A One-Sided View of HPC: Global-View Models and Portable Runtime Systems

Global-view and one-sided parallel programming models provide a promising alternative to conventional approaches by enabling programmers to aggregate the memory of multiple nodes and allowing them to access any data, regardless of its physical location.  This model for asynchronous data movement also decouples synchronization from communication, enabling a greater degree of asynchrony.  These properties are of critical importance to scientific computing applications, which must cope with rapidly evolving system architectures, and where new simulation and analysis techniques have exposed greater sparsity and computational imbalance.

In this talk, I will present recent and ongoing work on portable one-sided communication interfaces and global-view parallel programming systems.  This work focuses on the evolution of the MPI-2 remote memory access (RMA) communication interface into the new MPI-3 RMA interface, and on the utilization of these interfaces to support higher-level parallel programming interfaces.  I will describe work, in which we have used the MPI RMA interface to provide the first portable, one-sided implementation of Global Arrays and its impact on the NWChem computational chemistry suite.  In addition, I will describe current and ongoing work in the deployment, implementation, and performance tuning of MPI-3 RMA.

Arnault Legrand

SimGrid for HPC

In this talk, I will briefly present the history and goals of the SimGrid simulation toolkit.
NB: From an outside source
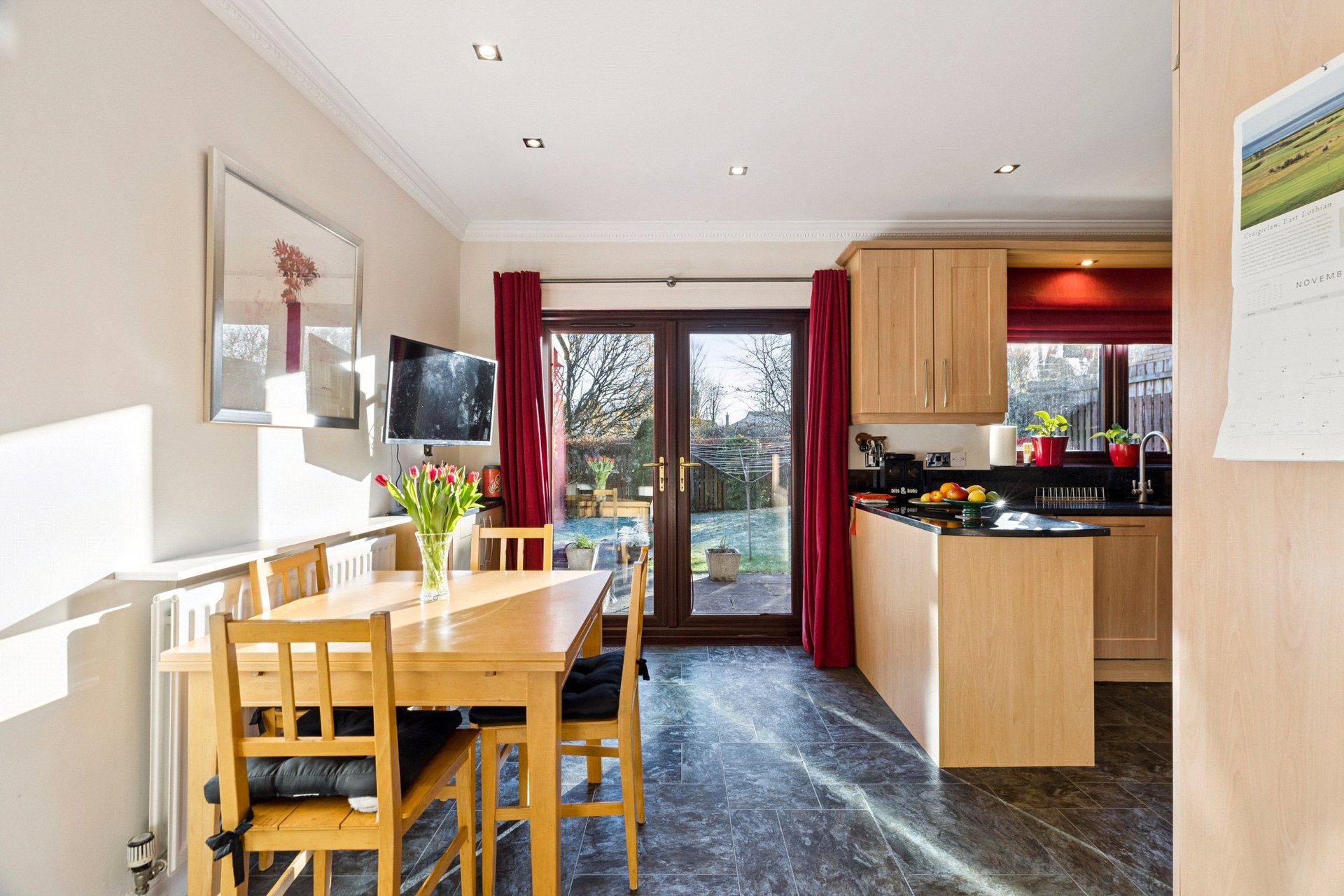 16 Waterside Avenue, Newton Mearns, Glasgow, G77 6TJ - Picture #11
Although SimGrid was primarily designed in 1999 to perform scheduling studies on heterogeneous systems such as Grid, recent developments have made it a very effective alternative for conducting simulation studies for P2P and HPC compared to many ad hoc (but often short lived) simulators. I will thus present the current status of research and developments in SimGrid as well as the future directions we intend to address.

Matthieu Dorier

I/O and in-situ visualization: recent results with the Damaris approach

As dumping large amounts of data to parallel file systems starts to highly impact the performance of HPC simulations as well as the practicability of subsequent analysis tasks, new approaches to I/O and data analysis must be found. Damaris proposes to relocate I/O and analysis tasks in dedicated cores interacting with the simulation through shared memory.
In this talk, we will provide a quick recall on the Damaris approach to scalable, efficient, jitter-free I/O, along with past results. We will then move to more recent works and results using Damaris for in-situ visualization with the CM1 atmospheric model and the Nek5000 CFD simulation. This presentation will include a demo of Damaris providing in-situ visualization to a sample simulation through the VisIt visualization software.

Amina Guermouche

Unified Model for Assessing Checkpointing Protocols at Extreme-Scale

In this talk, we present a unified model for several well-known checkpoint/restart protocols. The proposed model is generic enough to encompass both extremes of the checkpoint/restart space, from coordinated approaches to a variety of uncoordinated checkpoint strategies (with message logging). We identify a set of crucial pa- rameters, instantiate them and compare the expected efficiency of the fault tolerant protocols, for a given application/platform pair. We then propose a detailed analysis of several scenarios, including some of the most powerful currently available HPC platforms, as well as anticipated Exascale designs. The results of this analytical comparison are corroborated by a comprehensive set of simulations. Altogether, they outline comparative behaviors of checkpoint strategies at very large scale, thereby providing insight that is hardly accessible to direct experimentation.